Unlike the changes made in moving from Core to Core 2, Intel hasn’t done much to Nehalem’s front end. It has the same four decoders that made their appearance with the Conroe—three simple and one complex. It is still capable of macro-ops fusion and so offers a theoretical maximum throughput of 4+1 x86 instructions per cycle.
Though there are no revolutionary changes at first glance, the devil is in the details. As we noted in our article on the Barcelona architecture, increasing the number of processing units is an extremely inefficient way to boost performance. The cost is high and the gains shrink more and more with each addition, following the law of diminishing returns. So instead of adding a new decoder, the engineers concentrated on making the existing ones more efficient.
First, they added support for macro-ops fusion in 64-bit mode, which is justified for an architecture like Nehalem that makes no attempt to hide its ambitions in the server market segment. But the engineers didn’t stop there. Where the Conroe architecture could fuse only a limited number of instructions, the Nehalem architecture supports a greater number of variations, making it possible to use macro-ops fusion more frequently.
Another new feature introduced by the Conroe has also been improved: the Loop Stream Detector. Behind this name lies what is in fact a data buffer that holds a few instructions (18 x86 instructions on Core 2s). When the processor detects a loop, it disables certain parts of the pipeline. Since a loop consists of executing the same instructions a given number of times, it’s not necessary to perform branch prediction or to recover the instruction from the L1 cache at each iteration of the loop. So the Loop Stream Detector acts as a small cache memory that short-circuits the first stages of the pipeline in such situations.
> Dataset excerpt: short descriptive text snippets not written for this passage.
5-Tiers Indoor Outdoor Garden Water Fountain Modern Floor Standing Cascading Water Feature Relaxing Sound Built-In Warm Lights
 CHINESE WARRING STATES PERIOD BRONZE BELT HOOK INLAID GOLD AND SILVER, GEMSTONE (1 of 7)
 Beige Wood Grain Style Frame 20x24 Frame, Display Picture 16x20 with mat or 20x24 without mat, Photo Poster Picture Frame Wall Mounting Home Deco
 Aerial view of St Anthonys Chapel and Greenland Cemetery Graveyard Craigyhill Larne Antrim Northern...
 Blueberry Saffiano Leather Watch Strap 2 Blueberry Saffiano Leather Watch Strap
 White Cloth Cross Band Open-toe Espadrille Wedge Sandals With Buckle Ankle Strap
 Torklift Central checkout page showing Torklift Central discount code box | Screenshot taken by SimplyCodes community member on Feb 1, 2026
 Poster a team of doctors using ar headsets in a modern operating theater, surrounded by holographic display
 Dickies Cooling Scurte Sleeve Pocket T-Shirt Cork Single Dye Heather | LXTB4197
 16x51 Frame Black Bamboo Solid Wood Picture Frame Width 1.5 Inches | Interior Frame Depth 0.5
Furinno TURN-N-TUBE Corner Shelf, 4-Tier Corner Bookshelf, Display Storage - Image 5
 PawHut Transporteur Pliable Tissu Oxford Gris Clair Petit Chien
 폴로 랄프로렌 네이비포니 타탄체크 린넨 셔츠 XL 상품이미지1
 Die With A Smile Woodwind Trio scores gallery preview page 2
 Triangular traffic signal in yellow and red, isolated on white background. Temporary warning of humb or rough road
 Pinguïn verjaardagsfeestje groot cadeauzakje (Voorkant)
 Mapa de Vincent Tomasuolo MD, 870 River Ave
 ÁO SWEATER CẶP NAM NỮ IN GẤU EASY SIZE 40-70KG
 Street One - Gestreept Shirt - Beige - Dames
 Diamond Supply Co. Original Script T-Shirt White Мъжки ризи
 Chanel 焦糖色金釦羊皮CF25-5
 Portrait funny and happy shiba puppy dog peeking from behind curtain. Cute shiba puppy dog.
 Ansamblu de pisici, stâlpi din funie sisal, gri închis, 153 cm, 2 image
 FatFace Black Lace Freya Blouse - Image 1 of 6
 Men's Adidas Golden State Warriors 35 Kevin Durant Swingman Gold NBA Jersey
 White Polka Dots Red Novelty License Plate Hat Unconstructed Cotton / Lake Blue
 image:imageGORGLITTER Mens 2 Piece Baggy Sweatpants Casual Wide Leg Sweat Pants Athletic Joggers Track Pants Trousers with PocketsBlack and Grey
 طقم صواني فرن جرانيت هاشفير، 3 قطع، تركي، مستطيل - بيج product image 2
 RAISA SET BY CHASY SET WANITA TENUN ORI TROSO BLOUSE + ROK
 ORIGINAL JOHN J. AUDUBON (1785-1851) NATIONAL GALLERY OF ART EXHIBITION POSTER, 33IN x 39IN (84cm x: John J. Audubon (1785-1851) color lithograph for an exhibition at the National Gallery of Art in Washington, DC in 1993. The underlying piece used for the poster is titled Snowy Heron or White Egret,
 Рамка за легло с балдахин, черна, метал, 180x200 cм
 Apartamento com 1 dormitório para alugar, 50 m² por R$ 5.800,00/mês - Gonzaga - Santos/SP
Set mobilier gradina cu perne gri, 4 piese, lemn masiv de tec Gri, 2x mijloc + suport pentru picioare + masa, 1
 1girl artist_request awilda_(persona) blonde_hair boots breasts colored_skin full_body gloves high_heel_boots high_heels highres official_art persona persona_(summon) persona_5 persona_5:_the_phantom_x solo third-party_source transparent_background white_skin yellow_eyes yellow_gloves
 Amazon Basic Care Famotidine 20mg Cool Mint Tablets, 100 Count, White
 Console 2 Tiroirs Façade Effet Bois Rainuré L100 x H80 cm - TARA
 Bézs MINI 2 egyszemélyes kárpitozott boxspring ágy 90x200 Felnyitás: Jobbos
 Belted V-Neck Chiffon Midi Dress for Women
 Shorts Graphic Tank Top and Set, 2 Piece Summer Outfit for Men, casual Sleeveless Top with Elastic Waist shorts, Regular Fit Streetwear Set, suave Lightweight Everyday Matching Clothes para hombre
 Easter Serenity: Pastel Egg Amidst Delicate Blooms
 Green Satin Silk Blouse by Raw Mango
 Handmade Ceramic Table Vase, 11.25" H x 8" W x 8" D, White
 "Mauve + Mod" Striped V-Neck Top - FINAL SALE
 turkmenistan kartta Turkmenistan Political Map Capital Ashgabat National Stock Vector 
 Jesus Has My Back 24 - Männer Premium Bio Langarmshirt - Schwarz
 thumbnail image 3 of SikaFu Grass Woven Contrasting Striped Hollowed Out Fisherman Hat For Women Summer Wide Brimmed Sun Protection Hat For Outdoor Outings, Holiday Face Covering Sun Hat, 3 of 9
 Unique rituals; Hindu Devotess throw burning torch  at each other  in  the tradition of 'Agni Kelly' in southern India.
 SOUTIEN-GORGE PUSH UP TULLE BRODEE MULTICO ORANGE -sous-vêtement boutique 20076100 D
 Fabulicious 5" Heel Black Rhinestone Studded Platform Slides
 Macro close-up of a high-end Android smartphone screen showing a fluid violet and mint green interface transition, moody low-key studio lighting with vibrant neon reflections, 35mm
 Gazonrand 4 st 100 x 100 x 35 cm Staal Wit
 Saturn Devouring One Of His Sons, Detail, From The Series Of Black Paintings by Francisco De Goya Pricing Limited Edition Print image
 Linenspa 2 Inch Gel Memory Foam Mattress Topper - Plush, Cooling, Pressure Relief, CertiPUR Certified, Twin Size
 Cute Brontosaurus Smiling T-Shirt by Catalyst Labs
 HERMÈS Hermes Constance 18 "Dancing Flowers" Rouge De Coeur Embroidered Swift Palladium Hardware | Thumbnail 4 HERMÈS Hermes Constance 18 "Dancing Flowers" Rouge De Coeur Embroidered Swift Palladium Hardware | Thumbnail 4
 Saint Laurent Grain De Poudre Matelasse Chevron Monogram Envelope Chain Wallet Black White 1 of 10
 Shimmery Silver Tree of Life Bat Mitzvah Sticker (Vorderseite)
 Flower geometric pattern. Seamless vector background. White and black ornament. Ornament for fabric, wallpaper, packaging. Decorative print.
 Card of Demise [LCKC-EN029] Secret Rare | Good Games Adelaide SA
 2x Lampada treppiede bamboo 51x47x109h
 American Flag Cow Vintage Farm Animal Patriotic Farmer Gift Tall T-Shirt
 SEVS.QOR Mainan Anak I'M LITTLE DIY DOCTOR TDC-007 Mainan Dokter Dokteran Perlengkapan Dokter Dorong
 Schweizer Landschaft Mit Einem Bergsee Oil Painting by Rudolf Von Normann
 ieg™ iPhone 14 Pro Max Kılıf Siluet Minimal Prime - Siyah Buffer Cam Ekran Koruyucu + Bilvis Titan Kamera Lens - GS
The gains made via this technique are twofold: it decreases power consumption by avoiding useless tasks and it improves performance by reducing the pressure on the L1 instruction cache.
With the Nehalem architecture, Intel has improved the functionality of the Loop Stream Detector. First of all the buffer is larger—it can now store 28 instructions. But what’s more, its position in the pipeline has changed. In Conroe, it was located just after the instruction fetch phase. It’s now located after the decoders; this new position allows a larger part of the pipeline to be disabled. The Nehalem’s Loop Stream Detector no longer stores x86 instructions, but rather µops. In this sense, it’s similar to the Pentium 4’s trace cache concept. It’s no surprise to find certain innovations ushered in by that architecture in the Nehalem, given that the Hillsboro team now in charge of the Nehalem was responsible for the Pentium 4 project. However, where the Pentium 4 used the trace cache exclusively, since it could only count on one decoder in case of a data cache miss, Nehalem has the benefit of the power of its four decoders, while the Loop Stream Detector is only an additional optimization for certain situations. In a way, it’s the best of both worlds.